### Captioned web images

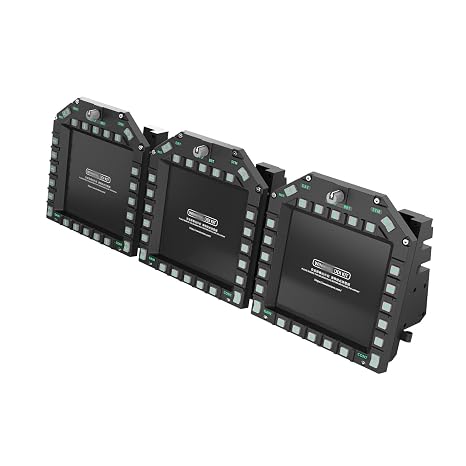 WINCTRL MFD Unit1(x3): Triple Controller Bundle for Video Gaming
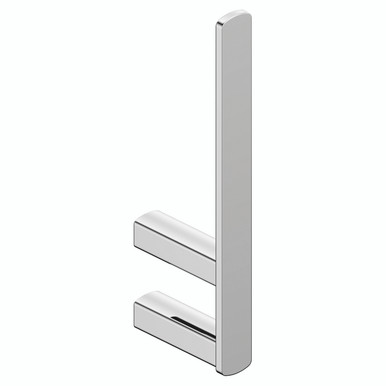 Rak Ceramics Chrome Petit Square Spare Toilet Roll Holder | | Stainless Steel + Zinc Alloy | 59Mm X 20Mm X 178Mm
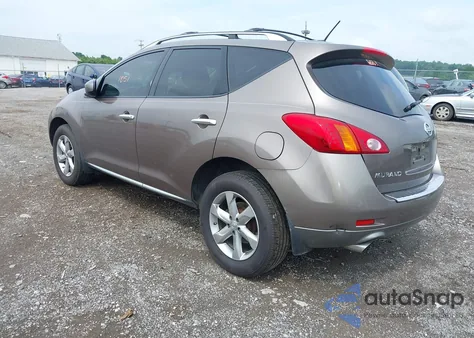 2010 Nissan Murano Sl из США, поврежденный, VIN JN8AZ1MU7AW021301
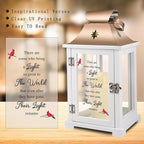 Memorial Lantern, Sympathy Gifts for Loss of Mom/Dad/Loved One, Bereavement Gifts, in Memory of Loved One Lantern,Celebration of Life, Memorial Gifts, Funeral Lantern,There are Some who Bring a Light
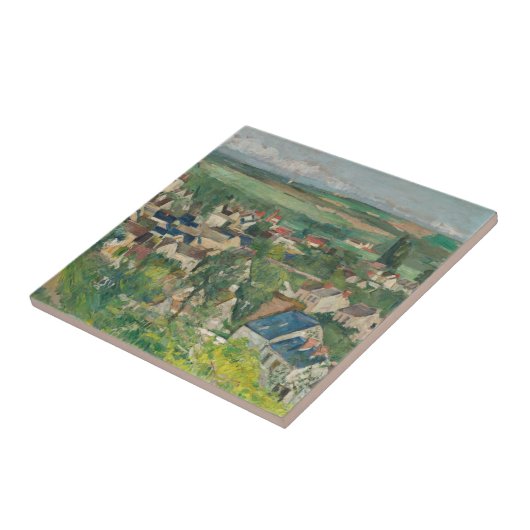 Carreau Paul Cezanne - Auvers, Vue panoramique (Côté)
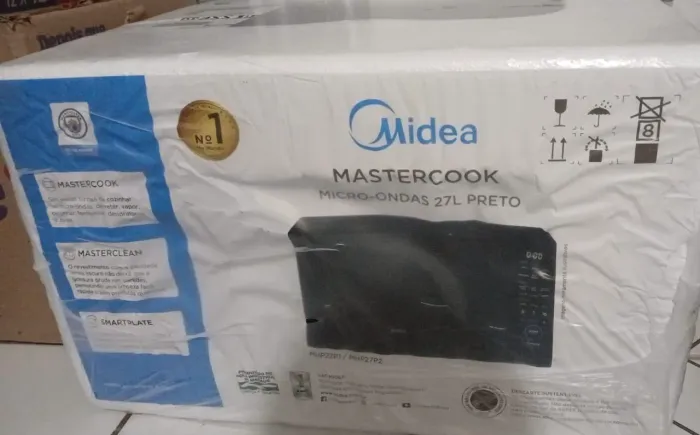 Microondas mastercook Mídia 27 L Preto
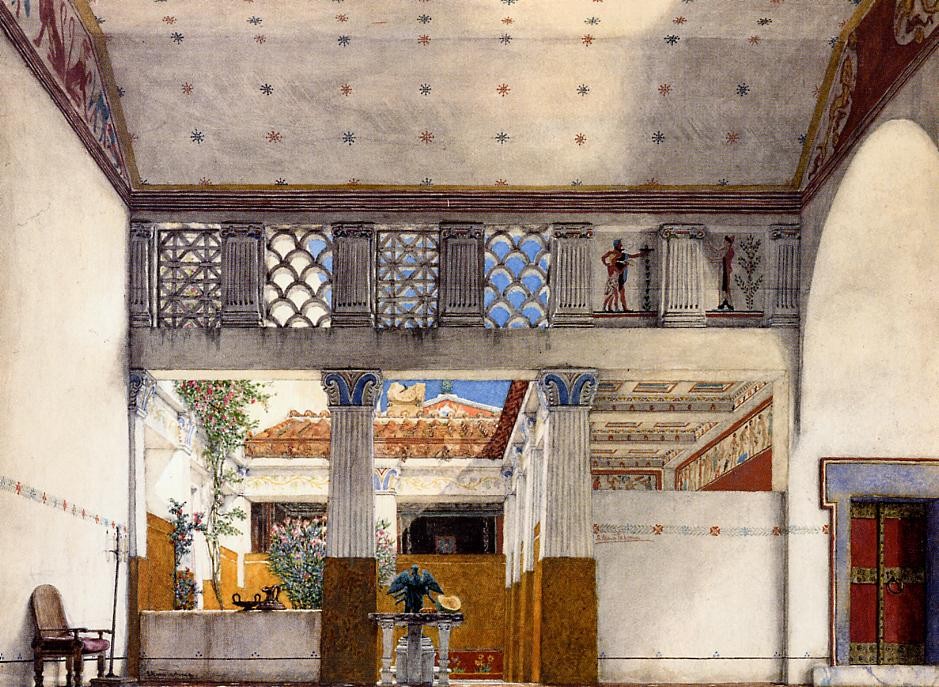 Interior of Caius Martius House by Sir Lawrence Alma-Tadema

### Task objective
Extract all the data above exactly, excluding every picture.

### Worked solution
 WINCTRL MFD Unit1(x3): Triple Controller Bundle for Video Gaming
 Rak Ceramics Chrome Petit Square Spare Toilet Roll Holder | | Stainless Steel + Zinc Alloy | 59Mm X 20Mm X 178Mm
 2010 Nissan Murano Sl из США, поврежденный, VIN JN8AZ1MU7AW021301
 Memorial Lantern, Sympathy Gifts for Loss of Mom/Dad/Loved One, Bereavement Gifts, in Memory of Loved One Lantern,Celebration of Life, Memorial Gifts, Funeral Lantern,There are Some who Bring a Light
 Carreau Paul Cezanne - Auvers, Vue panoramique (Côté)
 Microondas mastercook Mídia 27 L Preto
 Interior of Caius Martius House by Sir Lawrence Alma-Tadema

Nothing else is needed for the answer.